Profile Text: Paidamwoyo Hakutangwi
Most Americans can’t relate to a story like Stephen Chambang’s, but many Storm Lakers can. When he was a teenager, in 1983, his home country, Sudan, split between the North and South in a brutal civil war. This pushed his family to flee the only home he had known in South Sudan, first landing in a refugee camp at the age of fourteen.
Five years later, worn from the experience of living in a refugee camp, he moved to the United States and married Sarah Both, also from South Sudan. They landed in the Twin Cities area, where their first daughter was born, and later relocated to Storm Lake, where they now live with their four children. Like many residents, Chambang speaks multiple languages–five of them–including English, Nuer, and Arabic, which has helped him work as a translator for the Storm Lake Community School District and local businesses.
Chambang self-identifies as many things: as Nuer, the second largest cultural group in South Sudan, and as an African, an American, and a Storm Laker.

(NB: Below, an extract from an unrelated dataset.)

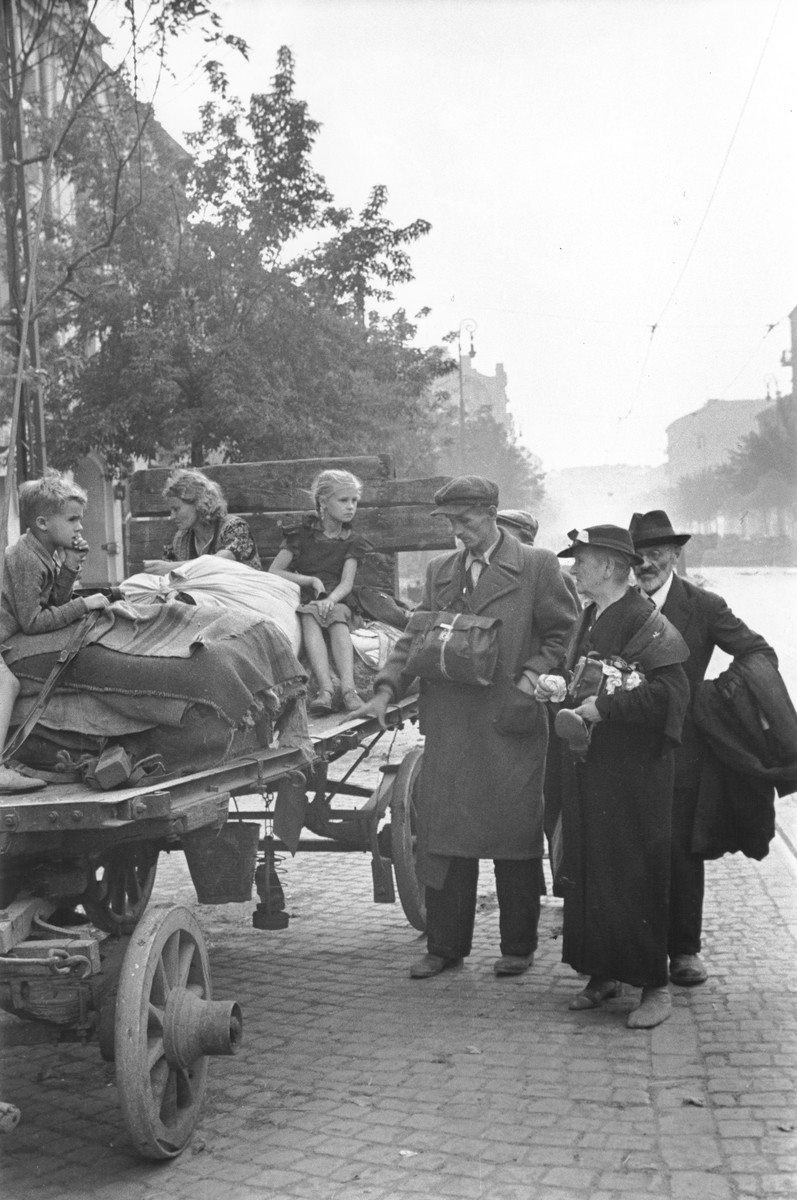 A family of Polish peasant refugees arrive in Warsaw on a horse-drawn wagon during the siege of the capital.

Though he has lived in the United States for 25 years, he has never forgotten life in the refugee camps. The civil war “destroyed a lot of families from the South,” he said, “and people split away to Ethiopia and Kenya to be refugees. I’m a part of those people, so when I came…I remember that the life of the refugee camp…I never forgot. I decided to have something I will do with those people who are now refugees in East Africa: the young people, children, and women in the refugee-camp life.” There were seldom schools and activities, and suicide rates were high.
To address such dire situations, Chambang has made it his mission to improve the lives of displaced survivors and other victims of war through his nonprofit organization, East African Community Development. In 2009, his mother and sisters moved to Matar in South Sudan. With his modest financial support, “they have had up to 300 children and have 89 under their wing to feed and care for,” his organizational website states.
Chambang stands as a resilient example for those in migration, either as a result of civil unrest or economic collapse. He has used his global knowledge in languages to sustain his family here. “I work with law enforcement in the different times of translation or interpreting in the areas of health,” he said. “I work in different areas as a phone interpreter in different locations. People search for my name and call me. I’ve been helping many women here in the USA with difficulties understanding English. So, I help them interpret when they have a welfare need and Medicaid and with children and all the misunderstanding between people and welfare and the person seeking for health.”
In a town like Storm Lake, with astounding diversity, it’s no surprise that Chambang’s linguistic skills are in high demand. “I work with different companies,” he said. “We have two Tyson companies in Storm Lake, which has brought a lot of different ethnics to Storm Lake because most of the people are looking for work. They move from different areas and come here to Storm Lake because of the work they are looking for.”
Chambang is determined to ensure that younger and older generations preserve Sudanese culture. He passionately speaks of the dissonance between children born to native Sudanese parents and children born in the United States. He gave an example of his own family dynamics. His four children were all born in the US, and therefore English is their first language. However, sometimes there are challenges in understanding each other, given that English is a second language to him and to his wife. There are often misunderstandings. Other challenges are in his pronounced dialect, which his U.S.-born children sometimes have issues understanding.
He believes such issues can be resolved by building a community center in Storm Lake and also Des Moines, where there are substantial migrant communities. “We are one body,” he said, “so that’s why we raise this thing up that we can have a community center, so we can do our dancing, we can do our cultures, we can do our weddings and then we can do our graduation ceremonies. Those times will benefit the communities so that we will know the types of the different ethnics, what they do, their culture, their identity…The community center would provide a platform for both the younger and older generation, those born in the USA and those native to other countries, to work together in educating one another about different cultures, especially given that Storm Lake is a multicultural pot.”
There are many challenges associated with the merging of different cultures, of course. According to Chambang, “When I’m talking about a culture, I have to say that we cannot take 100% from the culture we are coming from, from Africa to bring it here.” So, what aspects of the Sudanese culture are currently alive in Storm Lake? Chambang suggested that Sudanese refugees perpetuate their identity by cooking food as they had in Sudan. They should continue to maintain the values of disciplining their children according to Sudanese norms. They should get married in the customary way. And, of course, they should speak in their dialect. These values are crucial to maintaining ties to their homeland.
Chambang also talked in detail about the challenges of assisting refugees, who have next to nothing. Financial resources remain a constant issue for the work he is carrying out in East Africa. Another challenge is that those communities needing assistance are often in remote, war-torn and inaccessible areas, hindering communication efforts. If anyone is up to the challenges of communicating with, and improving the lives of, refugees in East Africa, it is Stephen Chambang.